2. Into a mixing bowl, we pour several tablespoons of lime with a pinch of flaked salt and swirl it together. Chef Phillip encourages us to taste test it for saltiness. He explains, ‘If it’s too briny, just add more lime juice until you achieve balance – you will know it when you taste it.’
We then put the pepper and onion mixture into the salt-citrus bath along with the fish and watch as the citric acid ‘cooks’ the chopped fish without heat, turning the flesh from translucent pink to opaque white. Chef Phillip instructs us to, ‘Leave the fish in the bath according to taste – 10-30 minutes will give you a medium rare fish. Do not let your fish sit longer than 30 minutes because that will overcook it.’
3. He then provides each of us with a serving platter and asks us to strain the fish and stagger it elegantly along the length of plate, garnishing it with drops of the leche de tigre, coriander, flower petals, strips of julienned red pepper, accompanied by salted plantain chips (tostones), which also are also a nice accompaniment to their menu of beverages.
We each proudly display our handiwork, which we are eager to sample. The fish is lovely, fresh and light. This is a perfect starter to dish to dazzle guests with. They will think you spend loads of money on fantastic fish and time in the kitchen preparing it. Neither has to be the case as our favourite ceviche in town has been composed of inexpensive local Shaari fish which is easy to procure and will run you around Dhs50 for a large, fileted fish. It is also quick and easy to prepare ceviche. Chef Phillip advises that you make and serve your ceviche immediately so you don’t run the risk of overcooking the fish.
Presentation plays a huge role with ceviche dishes
If you, like us and many other Abu Dhabi residents, have recently fallen in love with ceviche, there is nothing stopping you from making it at home. As long as your fish or shellfish is fresh and your marinade is tasty, there’s little that can ruin a homemade ceviche. Give it a try.

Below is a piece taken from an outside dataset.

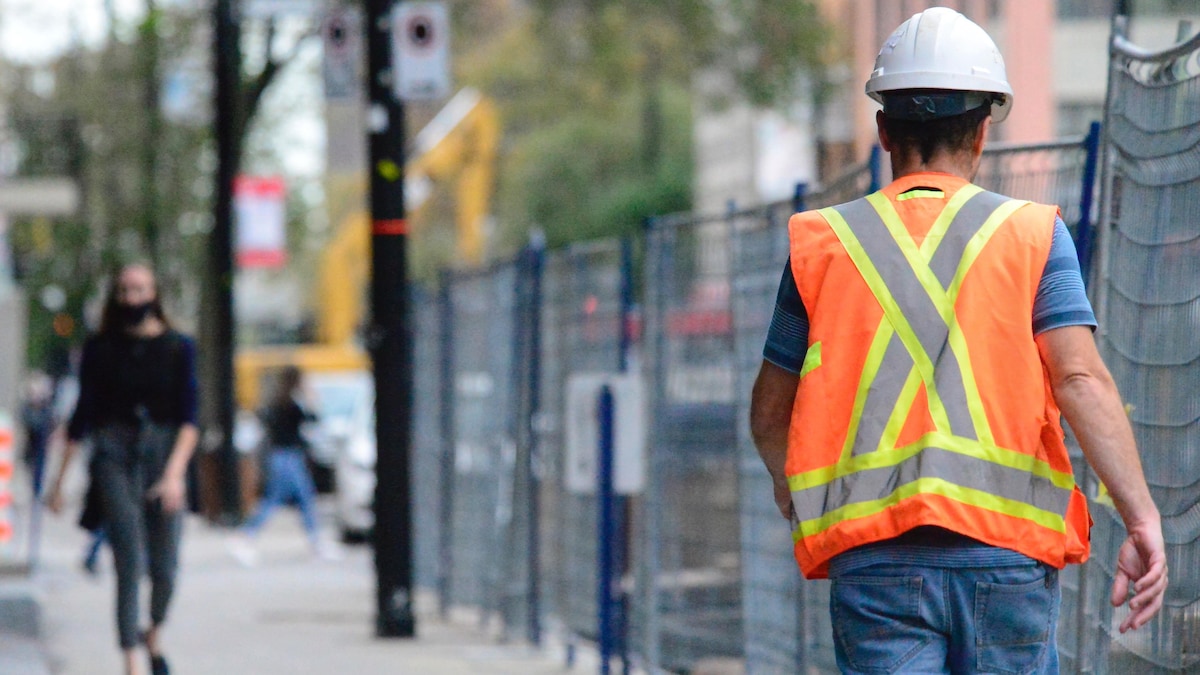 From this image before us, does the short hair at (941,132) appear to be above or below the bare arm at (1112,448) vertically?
above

The ceviche making classes are expected to begin this autumn at Asia de Cuba. Nation Riviera Beach Club, St. Regis Abu Dhabi, Corniche West, www.asiadecuba.com (02 699 3333).
How to slice your fish
First, you need to find a sharp knife suitable for slicing through your fresh fish. Slicing at an angle ensures you’ll avoid chewy sinews and get tender bites every time.
1. Trim each fillet into long, straight pieces between 4-5cm long.
2. Wet your (sharp!) knife with cold water before each cut – this helps prevent the flesh from shredding.
3. Hold your knife at a 45-degree angle and slice 0.5cm thick pieces, wiping the blade clean after each cut.
Follow your nose
Chef Phillip offers these simple tips for purchasing the freshest fish
Go to a trusted source. The best is obviously to catch it yourself or have a trusted fisherman as a family friend. In the absence of that, the next best thing is a dedicated fishmonger. Look for shops that are clean, busy, and scrupulous about their fish. Fish should kept on top of and under crushed ice, or in refrigerated display cases on top of ice.
Follow your nose. Fresh fish should not smell fishy. It should smell faintly briny. The same rules apply for shrimp, scallops, squid, and other shellfish. If your fishmonger won’t let you smell his fish, find a new fishmonger, or eat burgers instead.
Look for firm flesh. Fresh fish flesh should have a clean, slightly translucent appearance that doesn’t give when you push.
Look a fish in its eye. Fresh fish should have bright, clear, moist looking eyes. Avoid fish that has a cloudy film over its eyes.